START Task inputs

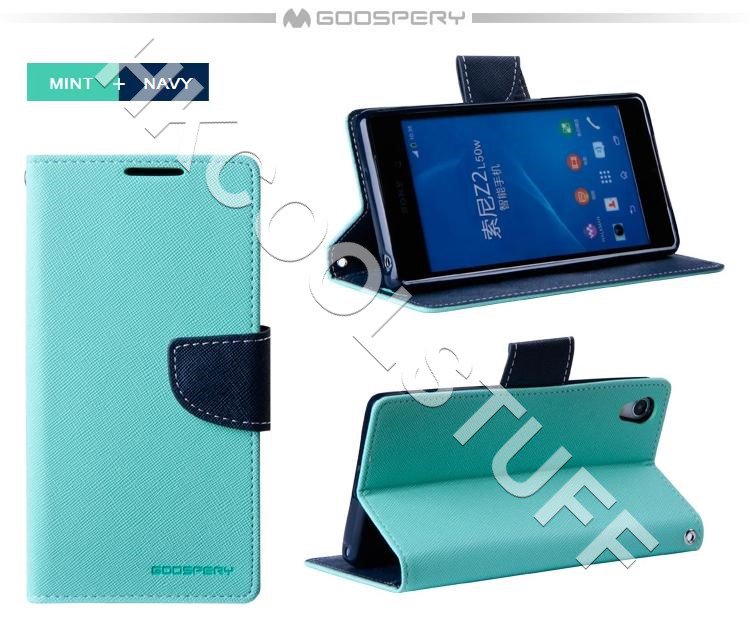 Genuine Mercury Goospery Fancy Diary Wallet Case Cover for Sony Xperia Z2 Mint+Navy
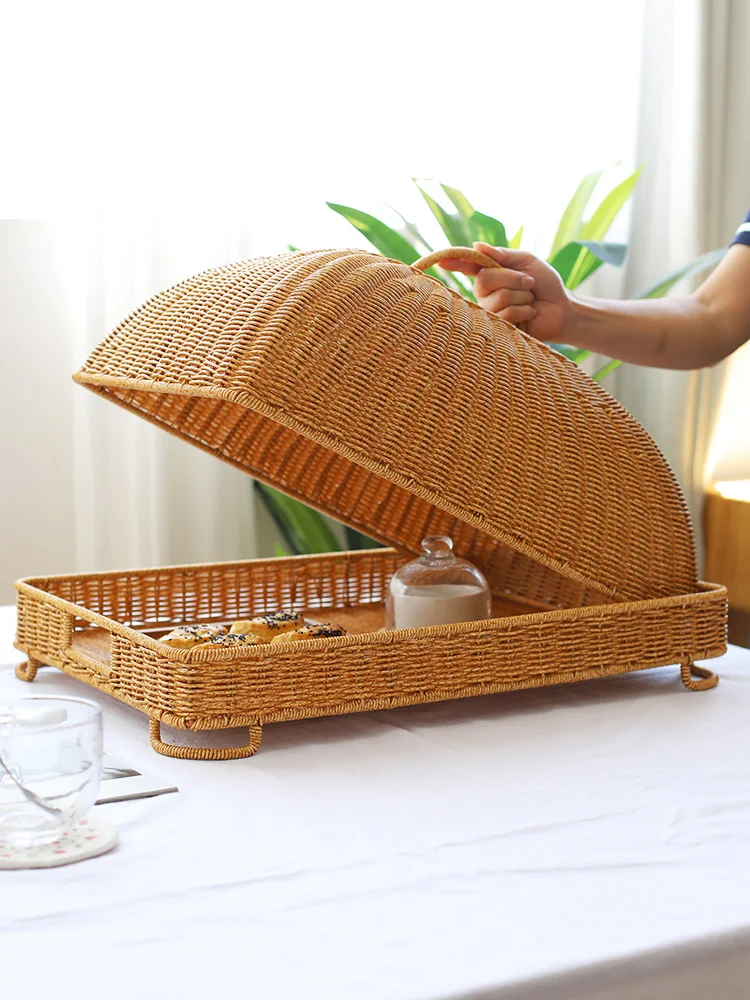 

Square Plastic Food Cover Dustproof Tablecloth Hotel Dim Sum Plate with Lid Breakfast Cover American Sle Rustic Chic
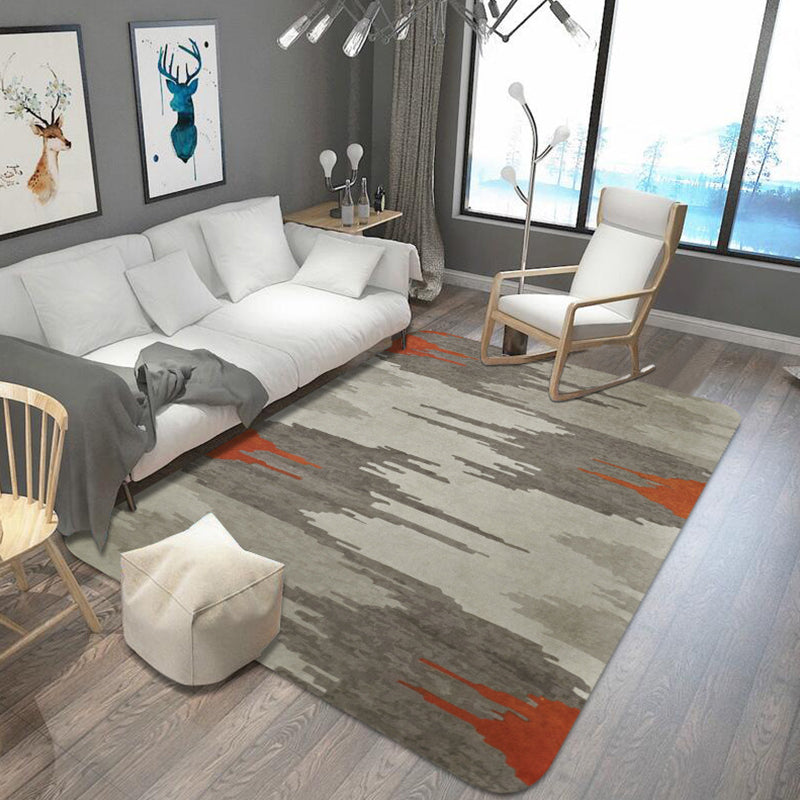 Unusual Abstract Rug Grey Industrial Rug Polyester Pet Friendly Non-Slip  Backing Washable Area Rug for Living Room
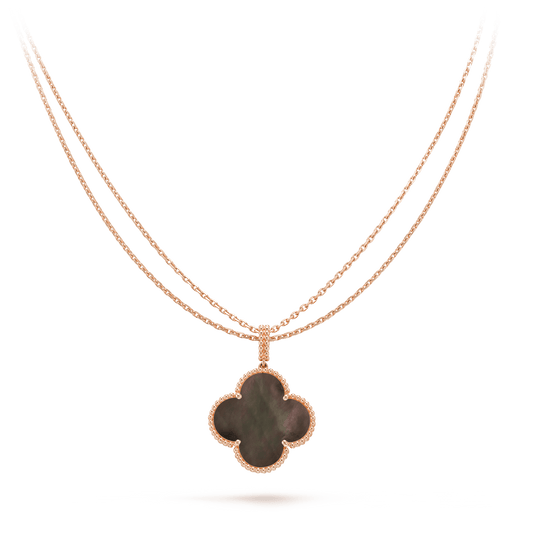 [⭐Aura]CLOVER 25MM GOLD DARK MOP BIG CLOVER NECKLACE
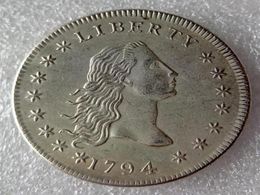 United States Coins 1794 Flowing Hair Brass Silver Plated Dollar Smooth edge Copy Coin1406118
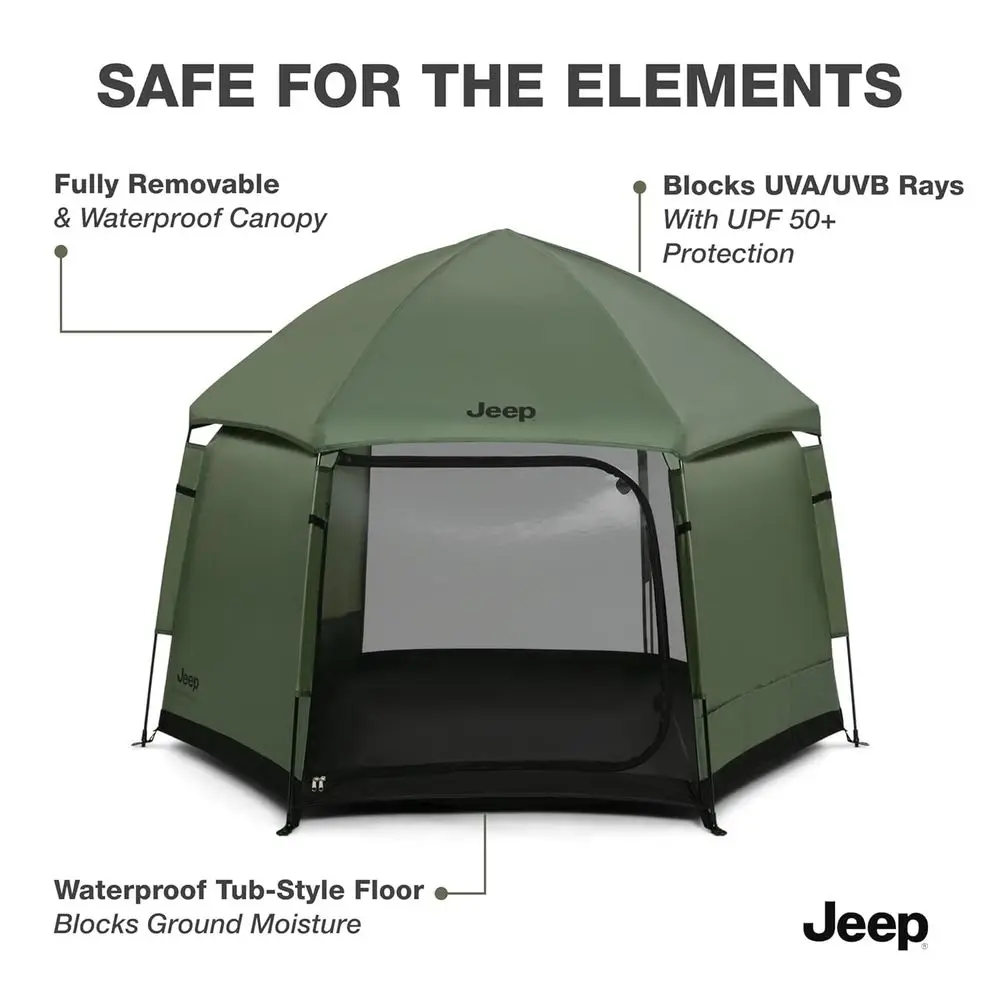 روضة لعب جيب هيكس لايت المحمولة باللون الأخضر الزيتوني للسفر #5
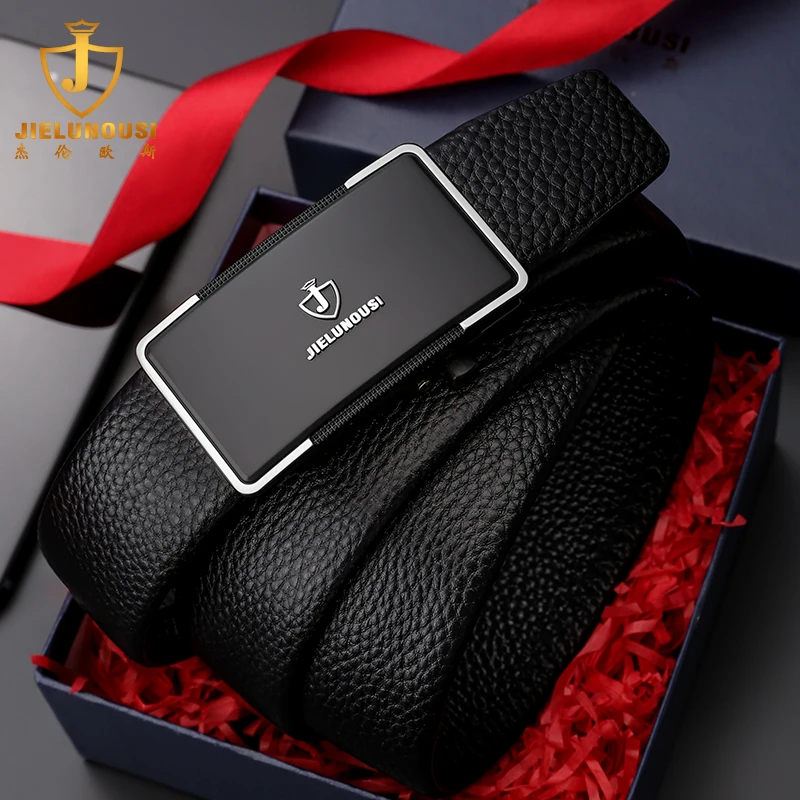 杰伦欧斯头层牛皮自动扣男士皮带简约百搭年轻人裤腰带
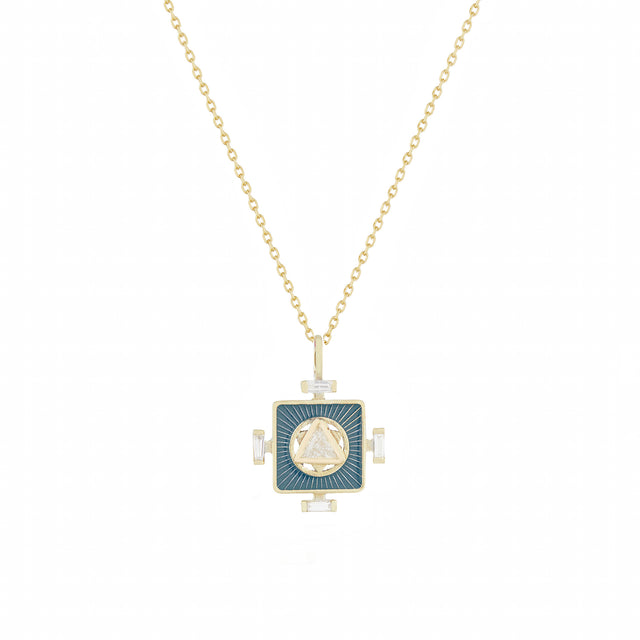 BLUE YANTRA THIRD EYE CHAKRA & TRILLION DIAMOND NECKLACE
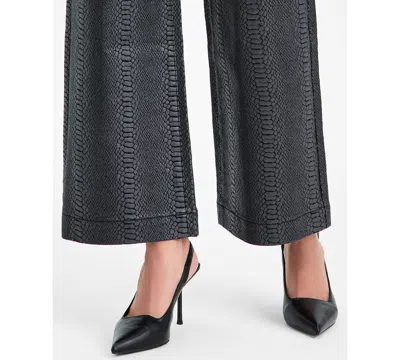 Bar Iii Women's Snakeskin-print High Rise Wide Leg Jeans, Macy's Exclusive In White
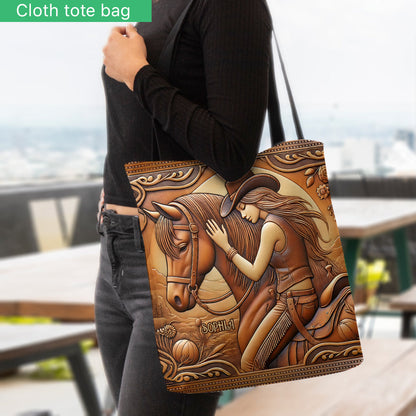 A Girl And Her Horse - Personalized Horse Tote Bag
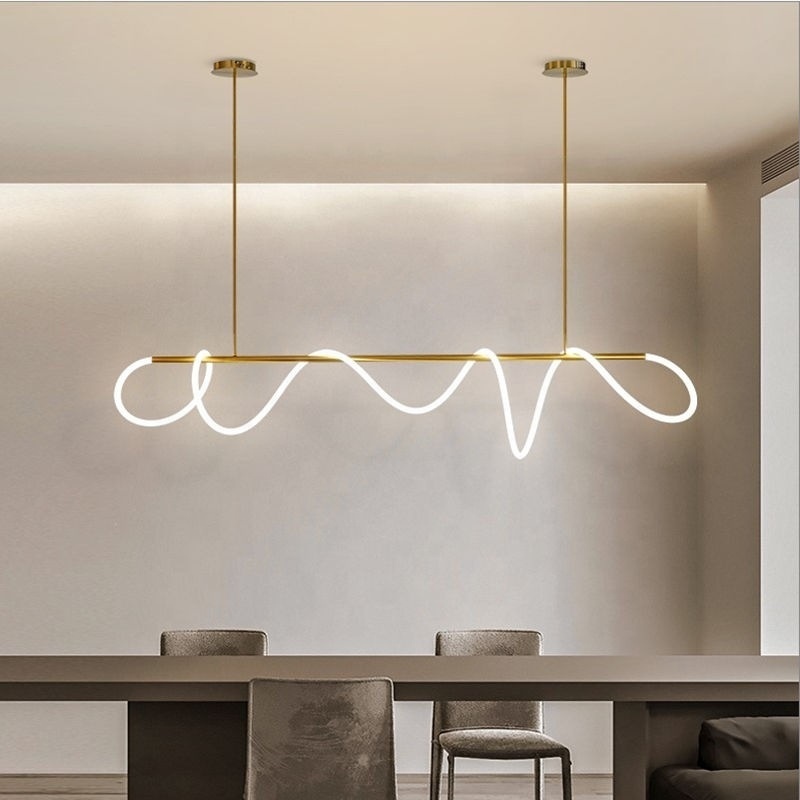 Nordic Black Pendant Light Fixture for Kitchen Island Dining Room Long Hanging Lamp with silicone tube BY1065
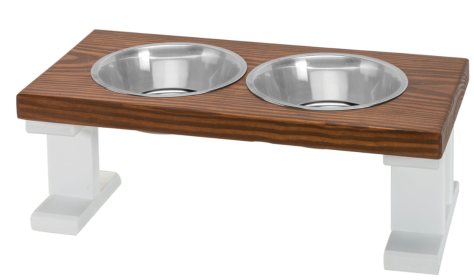Farmhouse Elevated Dog Feeder with 2 Stainless Steel Bowls (Color: White/Chestnut, size: 8 Inch)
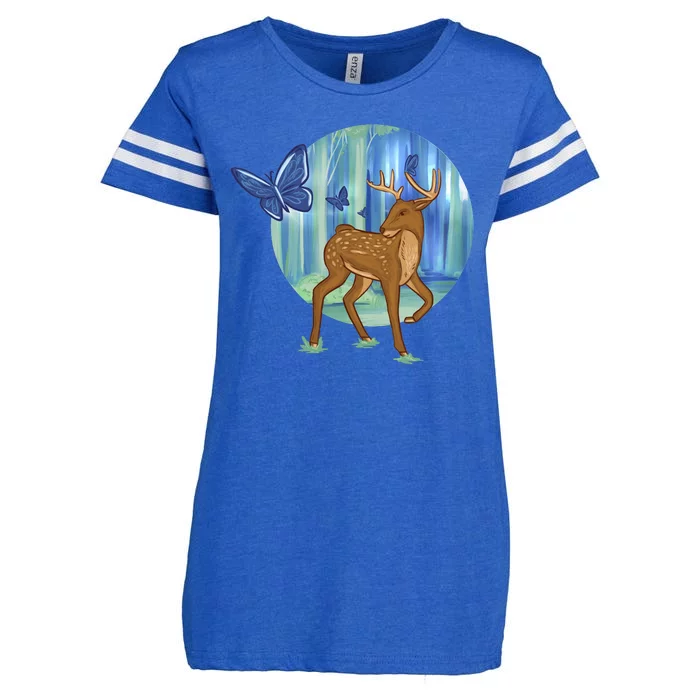 Magic Forest Deer Enza Ladies Jersey Football T-Shirt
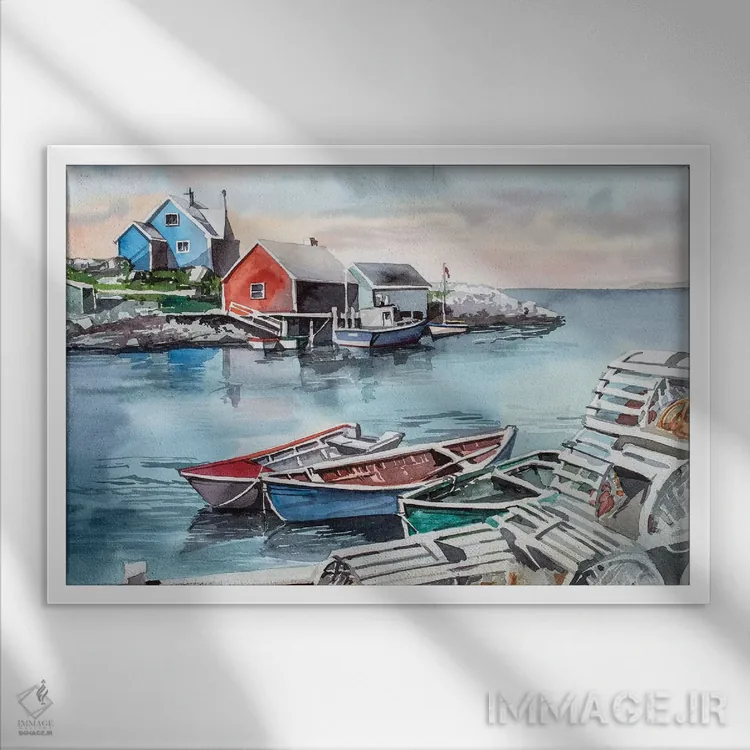 تابلو خلیج پگی اثر بیل درایزدیل - نمای قابدار سفید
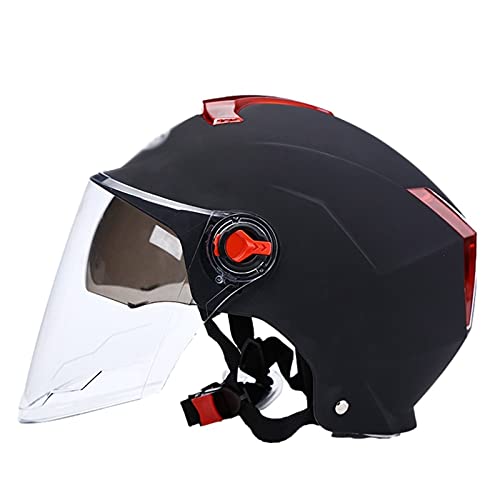 Motorrad Halbhelme Erwachsene Motorrad-Helm Halbschale Jet-Helm Roller Mit Doppelvisier Sonnenblende ECE Für Damen Herren Erwachsene (Color : Black, Size : 56-62cm)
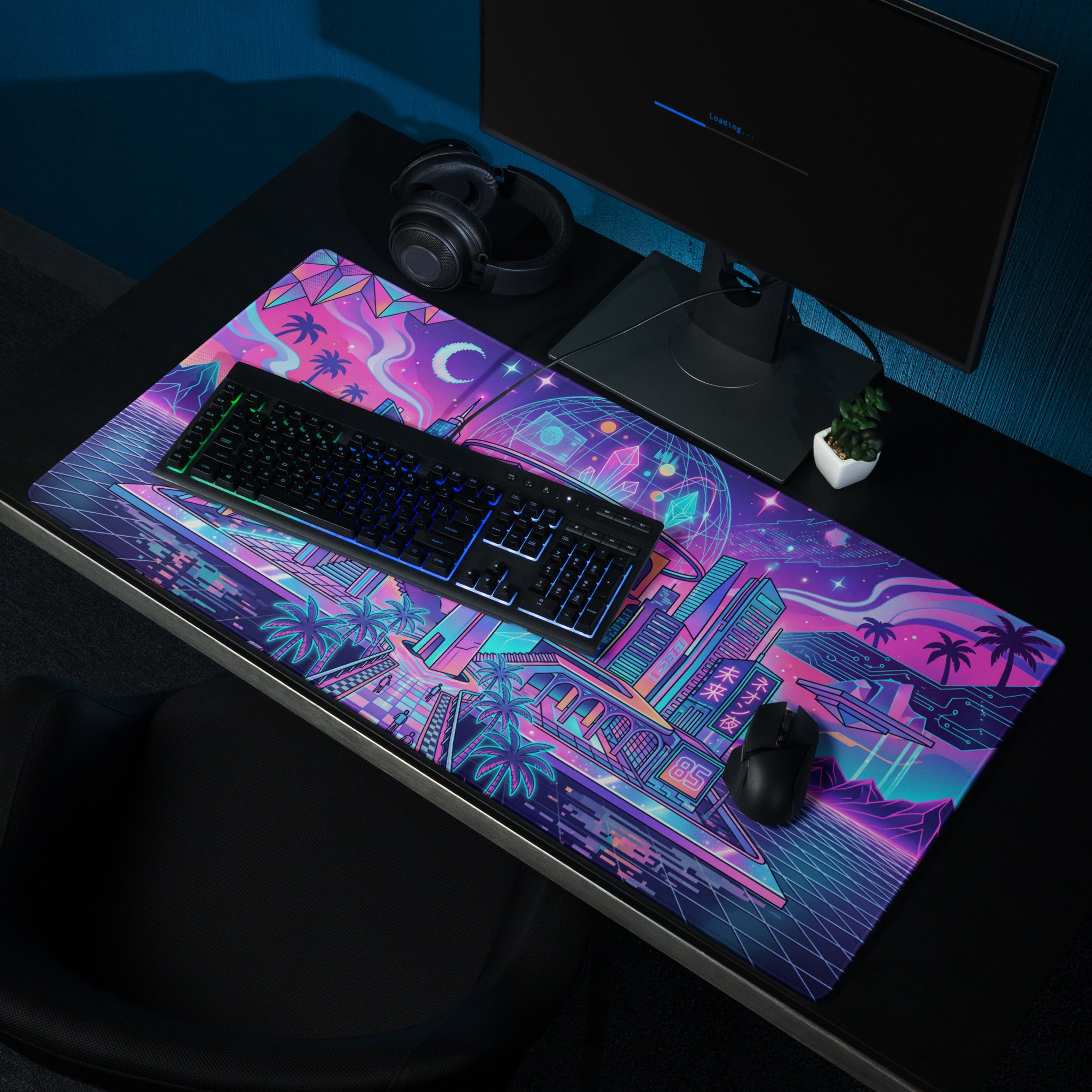 Vaporwave Neon City Gaming Pad - Mouse Pad Neon Pink Blue For Gaming Desk Vaporwave Vibrant Retro Synthwave Mood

END Task inputs

Exercise prompt => In the listing above, find the line with "BLUE YANTRA THIRD" and the line with "A Girl And Her". Set down exactly those lines and everything between them, skipping pictures.

Task response =>
 BLUE YANTRA THIRD EYE CHAKRA & TRILLION DIAMOND NECKLACE
 Bar Iii Women's Snakeskin-print High Rise Wide Leg Jeans, Macy's Exclusive In White
 A Girl And Her Horse - Personalized Horse Tote Bag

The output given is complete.